Rossi: Focardi has been a strong collaborator with me, mainly in the period between 2007 and 2010. I have been lucky to be helped by him with his strong theoretical preparation. For sure, he has contributed to the development of this work, and we absolutely have to be grateful forever for his precious contribution and he is always present in our memory.
JM: I know he was in a special situation in one sense because he was retired, and though his career wasn’t behind him, he could come out and support controversial work that he might not have been able to do while he was still a teaching professor, and that’s the kind of pressure many academics face in dealing with these new technologies or this new science. And so, we need people like Sergio Focardi, we need people like Hano Essen, like Sven Kullander, who are willing to stick their necks out for new science to discover something new. Without pioneers, without people taking these kind of risks, both economic on your end, and sociologically, say in the scientific community, on the professors’ end. So I wish people were more open-minded [and] would follow their example. I think a lot of the barriers to people understanding this new technology, this new science, is again the academic pushback, so I am always encouraged by these men of integrity, whether they are sure or unsure of what’s going on, they say, “let’s look”, “let’s investigate”. That’s why I’m always in inspired by those kinds of people, and that’s why I brought him up.

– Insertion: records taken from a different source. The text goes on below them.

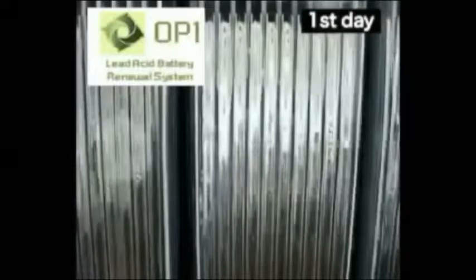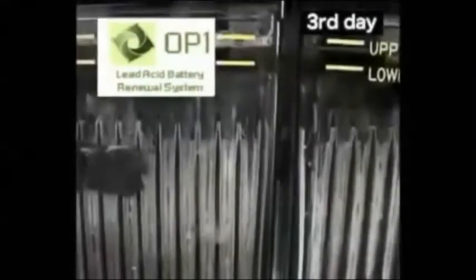Performance of lead acid batteries is decreased because crystalline lead sulfate accumulates on the electrodes. This is known as sulfation. When OP1 is injected into the electrolyte, it activates the colloid that removes this sulfation. At the same time, OP1 prevents sulfation from reforming by a process we call coating.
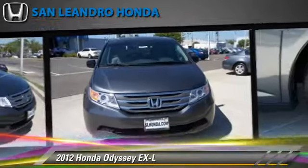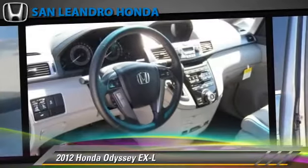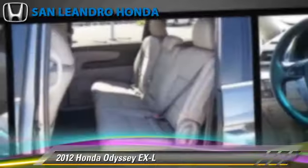This Honda features leather seats, heated power mirrors, and a rear spoiler.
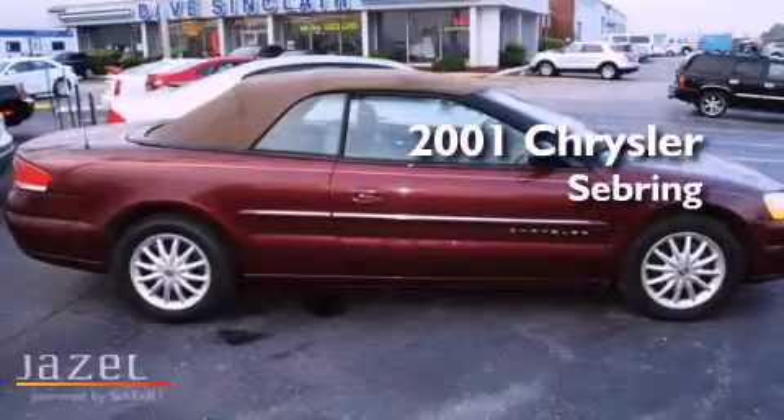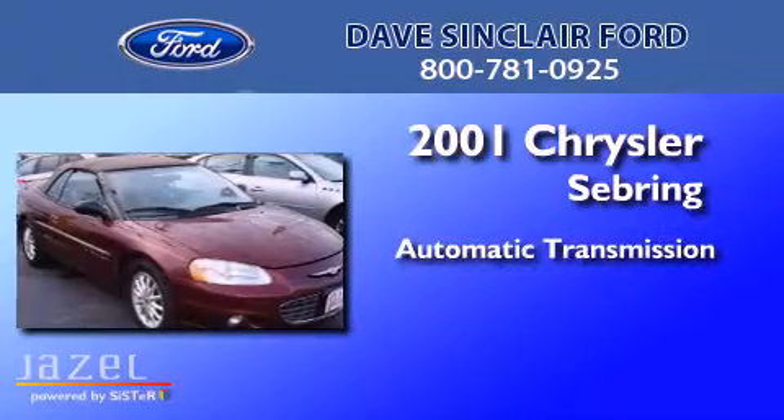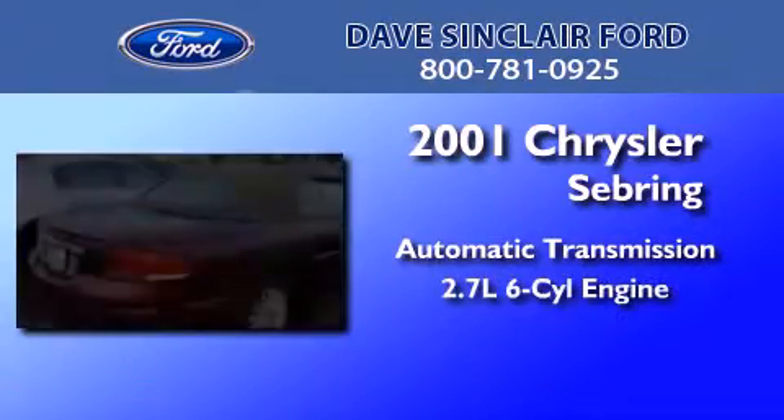This is a 2001 Chrysler Sebring. This car has an automatic transmission and a 2.7-liter V6.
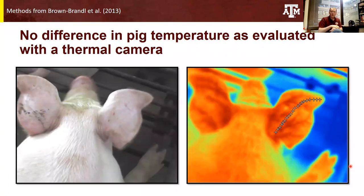We also evaluated pig temperature with thermal cameras — we didn't take rectal temperatures. Instead, we used a technique developed by researchers at the USDA to measure the heat load or heat dissipation from pigs through their ears. Using this technique, we found no difference in the heat that these pigs were dissipating, meaning we found no difference in their internal body heat load.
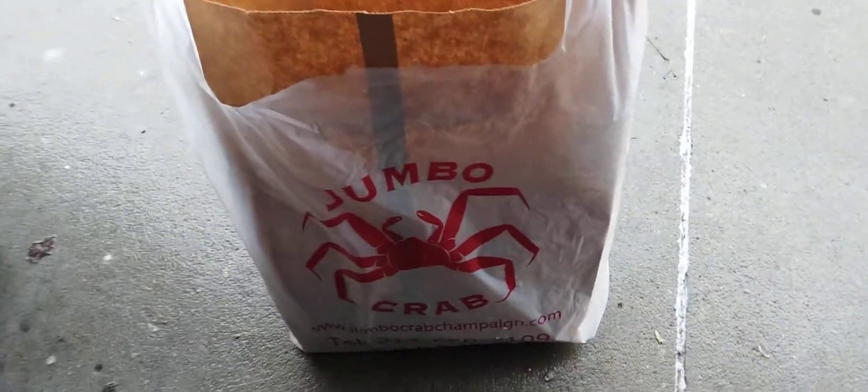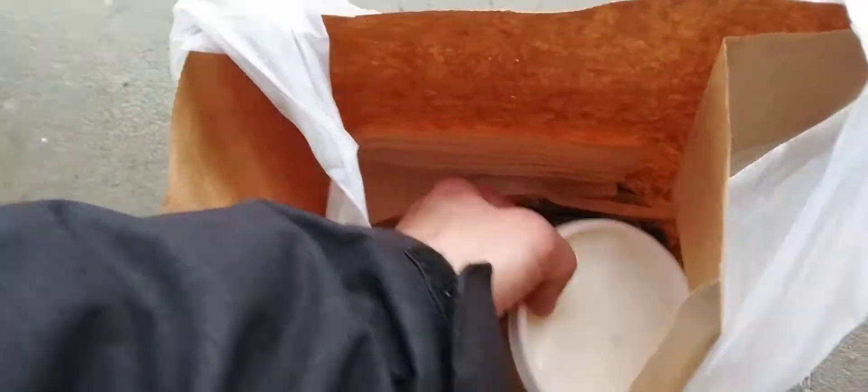Here I am opening my lunch from Jumbo Crab, and it's really quite an interesting thing. You get a nice little bit of white rice that they took time to put together for me.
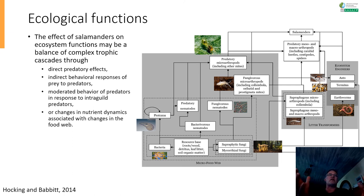The effect of salamanders on ecosystem functions may be a balance of complex trophic cascades. There are direct predatory effects, indirect behavioral responses of prey to predators, moderated behavior of predators in response to intraguild predators, and changes in nutrient dynamics associated with changes in the food web. Salamanders interact with so many different species and species groups that if you remove the salamander from such a network, everything else will change. Their abundance is therefore a very good indicator of ecosystem health.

Rossi: Yes, I agree with you.
JM: I know you don’t have a lot of time today. We appreciate all the time you afforded to us. I know there are things you can talk about, and things you cannot talk about. So before we go our separate ways, do you have any parting thoughts? Any words of wisdom or anything you think is appropriate?
Rossi: What I can say is that, at this point, we have to focus on the industrial plant in operation, because at this point in the story we are in a situation similar to the one at the dawn of the computers. At the very beginning it was important to have the theoretical discussion on microchips, etcetera, but at a certain point, the development, and the importance of the computer, has been determined by the market, not by the scientific community.
JM: Absolutely. Thank you for taking the time out of your very busy schedule to speak to us.
Rossi: Thank you very much. It has been a pleasure and an honor to be with you today.
Conclusion: That does it for today’s episode. Thanks again to Andrea Rossi, Ruby Carat at Cold Fusion Now.org, and thanks to you for listening. Take care, and stay tuned for more episodes in the near future.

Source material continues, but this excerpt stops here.